Pour l'instant, le side-car se déplace sans difficulté, il fait froid mais en contrepartie la pollution ne se fait pas trop sentir. Place du Peuple, nous voilà au cœur de Shanghai. L'opéra joue le Fantôme, à guichets fermés. Son architecture a inspiré celle du musée de l'urbanisme, tout proche. Un endroit tout à fait étonnant, emblématique de la détermination des autorités à plonger dans le IIIe millénaire. On peut y voir notamment une immense maquette de 700 m2: Shanghai en 2020. Sidérant! Le doute n'a pas de place dans ce projet. Il promet un Shanghai avec 40% d'espaces verts, une ville écologique sur l'île toute proche de Chongming, et bien sûr plein de nouveaux gratte-ciel. Dont le World Financial Center qui culminera à 492 m en 2007 déjà. Ce sera le plus haut bâtiment du monde. Et à Shanghai, il surclassera la tour Jinmao dont les 88 étages sont symbole de la perfection, et qui abrite l'Hôtel Grand Hyatt, le plus haut de la planète.

Le side-car n'a lui rien de futuriste, d'où l'hilarité des passants peu enclins à regarder vers le passé. Il s'agit d'une copie chinoise d'un modèle BMW R-71 de 1938, customisée par le chef de l'orchestre de jazz du Portman-Ritz Carlton pour son directeur général, Mark J. de Cocinis. C'est lui qui promène les touristes branchés dans sa drôle de machine. La passion n'excluant pas le sens des affaires, il exporte ces side-cars en Europe. Avec un succès affirmé en France. Nous poursuivons dans la rue de Nanjing, délaissant la rue Fuzhou et ses librairies qui court en parallèle.
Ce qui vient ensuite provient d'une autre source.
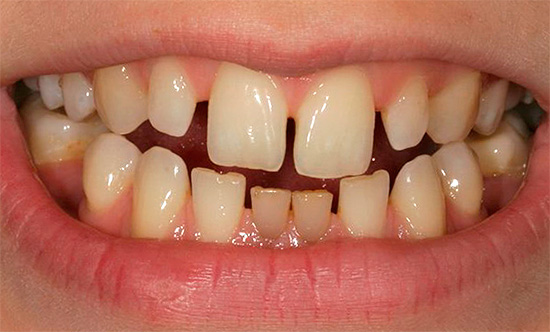 Üç (boşluk) görünmesinin nedeni mikrodentia olabilir - üst üste tek tek dişlerin küçük boyutu.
Voilà le Peace Hotel, célèbre pour ses concerts de jazz. On y tourne un film, impossible de boire un verre dans son bar des années 30. Cap sur le Bund, le quai longeant la rivière Huangpu. Le side-car s'arrête. La vue sur Pudong, le quartier futuriste sorti d'une zone de cultures maraîchères en moins de vingt ans, est époustouflante. La tour de la télévision avec ses boules façon minaret revues par iMac, et une mer de gratte-ciel. On peut accéder sur cette rive-là du Huangpu par bac mais aussi par un tunnel touristique, à recommander chaleureusement aux amateurs de kitsch flamboyant. Un peu de second degré représente un bon bagage pour aborder Pudong où l'on se sent réduit à la dimension d'un personnage de maquette. Posé là pour donner une échelle de grandeur face aux buildings.